きょう字幕を入れて番組が完成した。
7月5日に沖縄から帰って来て始動したので、
実質二ヶ月半で完成に漕ぎ着けたことになる。
舞台は北海道旭川市。
主人公は、
佃煮・煮豆などの食品加工会社「藤六食品」を
7月に倒産させてしまった捧範行社長(57)である。
契約栽培で作った減農薬の豆を使うなど
地元北海道の原料にこだわり続けてきたが、
安価な中国産・カナダ産の原料を使う業者との
価格競争に敗れ去ってしまった。
(写真は剣淵町の豆農家を視察に訪れた捧社長=右)
中小企業の経営者は銀行融資に個人保証を付けるため、
倒産すると莫大な負債を抱え個人破産するしかなくなる。
もう一人の主人公が、
この会社の再建を手助けすることになった
株式会社北海道村(道内では「バンビ・キャラメル」で知られる)の庄子敏昭社長(59)。
庄子社長も旭川出身で、捧社長とはかつて娘同士が同じ保育園に通っていたため親交がある。

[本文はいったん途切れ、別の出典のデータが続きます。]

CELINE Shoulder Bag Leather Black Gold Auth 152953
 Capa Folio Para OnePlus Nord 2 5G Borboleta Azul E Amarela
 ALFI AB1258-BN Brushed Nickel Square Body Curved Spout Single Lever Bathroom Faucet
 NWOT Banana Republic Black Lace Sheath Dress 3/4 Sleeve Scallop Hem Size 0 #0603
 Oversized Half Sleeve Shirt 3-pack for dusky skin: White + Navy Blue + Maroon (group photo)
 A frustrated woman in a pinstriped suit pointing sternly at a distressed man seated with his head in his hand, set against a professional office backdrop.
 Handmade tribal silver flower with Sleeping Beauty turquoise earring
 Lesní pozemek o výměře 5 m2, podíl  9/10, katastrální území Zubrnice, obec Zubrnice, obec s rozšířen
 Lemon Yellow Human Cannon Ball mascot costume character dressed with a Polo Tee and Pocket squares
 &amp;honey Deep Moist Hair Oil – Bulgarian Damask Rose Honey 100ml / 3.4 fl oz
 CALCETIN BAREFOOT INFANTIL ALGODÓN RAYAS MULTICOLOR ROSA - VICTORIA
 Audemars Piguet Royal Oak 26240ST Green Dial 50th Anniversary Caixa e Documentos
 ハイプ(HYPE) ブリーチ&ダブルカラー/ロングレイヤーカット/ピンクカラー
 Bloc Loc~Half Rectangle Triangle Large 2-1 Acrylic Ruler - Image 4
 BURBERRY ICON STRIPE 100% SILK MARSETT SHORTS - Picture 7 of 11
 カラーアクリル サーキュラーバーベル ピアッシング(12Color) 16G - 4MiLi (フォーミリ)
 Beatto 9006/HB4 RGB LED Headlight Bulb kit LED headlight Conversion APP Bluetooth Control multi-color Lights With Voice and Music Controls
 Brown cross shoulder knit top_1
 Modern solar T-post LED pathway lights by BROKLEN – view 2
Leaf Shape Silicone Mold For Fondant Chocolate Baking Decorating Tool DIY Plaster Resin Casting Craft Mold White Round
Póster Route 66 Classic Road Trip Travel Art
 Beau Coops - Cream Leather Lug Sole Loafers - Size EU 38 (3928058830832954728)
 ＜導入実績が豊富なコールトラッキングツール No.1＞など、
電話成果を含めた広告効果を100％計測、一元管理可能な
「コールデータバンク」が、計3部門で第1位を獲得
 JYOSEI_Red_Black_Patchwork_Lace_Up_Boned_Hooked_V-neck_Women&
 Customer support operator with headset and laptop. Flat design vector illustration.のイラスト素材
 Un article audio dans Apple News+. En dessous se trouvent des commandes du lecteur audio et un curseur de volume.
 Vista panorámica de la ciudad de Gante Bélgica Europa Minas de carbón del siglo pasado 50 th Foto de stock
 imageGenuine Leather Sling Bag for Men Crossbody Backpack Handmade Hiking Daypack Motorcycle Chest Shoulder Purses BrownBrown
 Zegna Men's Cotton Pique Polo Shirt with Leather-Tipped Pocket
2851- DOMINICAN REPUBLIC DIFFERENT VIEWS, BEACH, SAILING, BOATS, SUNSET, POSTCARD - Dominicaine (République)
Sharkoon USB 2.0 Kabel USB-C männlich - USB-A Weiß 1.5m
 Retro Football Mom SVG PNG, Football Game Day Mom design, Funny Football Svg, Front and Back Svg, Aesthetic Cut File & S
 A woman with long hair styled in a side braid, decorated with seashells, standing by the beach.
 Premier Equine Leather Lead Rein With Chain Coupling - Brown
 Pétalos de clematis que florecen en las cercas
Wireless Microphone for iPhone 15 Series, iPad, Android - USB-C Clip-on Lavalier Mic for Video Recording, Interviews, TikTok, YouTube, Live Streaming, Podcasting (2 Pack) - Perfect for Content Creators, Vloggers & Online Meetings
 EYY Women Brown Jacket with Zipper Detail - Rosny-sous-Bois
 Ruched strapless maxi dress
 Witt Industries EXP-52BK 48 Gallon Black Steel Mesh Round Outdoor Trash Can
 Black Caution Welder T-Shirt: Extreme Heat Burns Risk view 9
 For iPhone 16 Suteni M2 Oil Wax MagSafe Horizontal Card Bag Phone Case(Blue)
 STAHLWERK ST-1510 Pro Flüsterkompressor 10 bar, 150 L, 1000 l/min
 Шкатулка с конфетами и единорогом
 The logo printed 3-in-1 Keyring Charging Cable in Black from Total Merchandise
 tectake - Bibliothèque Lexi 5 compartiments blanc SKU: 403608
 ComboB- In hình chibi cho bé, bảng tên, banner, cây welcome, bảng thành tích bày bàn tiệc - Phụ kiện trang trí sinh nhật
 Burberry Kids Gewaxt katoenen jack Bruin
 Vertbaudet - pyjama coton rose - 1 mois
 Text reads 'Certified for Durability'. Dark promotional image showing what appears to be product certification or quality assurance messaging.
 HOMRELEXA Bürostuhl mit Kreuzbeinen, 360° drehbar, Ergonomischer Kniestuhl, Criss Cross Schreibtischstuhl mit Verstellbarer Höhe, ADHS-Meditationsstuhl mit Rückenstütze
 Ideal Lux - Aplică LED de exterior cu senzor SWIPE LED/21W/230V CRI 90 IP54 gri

それもあって、倒産した会社の再建という難題に挑むことになった。
捧社長のたっての要望で、従業員を一人もクビにすることなく、全員を再雇用しての再出発に取り組む。
そこに、毎年黒字の堅実な経営を行ないながら、
後継者がいないため庄子社長に会社を売って後を託した
旭川きっての菓子の老舗・梅屋の山本憲彦元社長(65…現在は会長)がからむ。
つまり、これはリーマン・ショックに端を発する深刻な不況(というか転形期)のなかで、
老いを迎えようとする中小企業のオーナー社長たちの「決断」=「人生の選択」の物語なのである。
試写が終わって、
プロデューサーのM君(ぼくより10歳も若いが、れっきとした上司である)が
「もっと思い切ってナレーションを減らしてもよかったかもしれませんね」と言った。
ぼくはそもそも「説明」が嫌いなのでナレーションは少ない方なのだが、無念、まだ減らせたか…。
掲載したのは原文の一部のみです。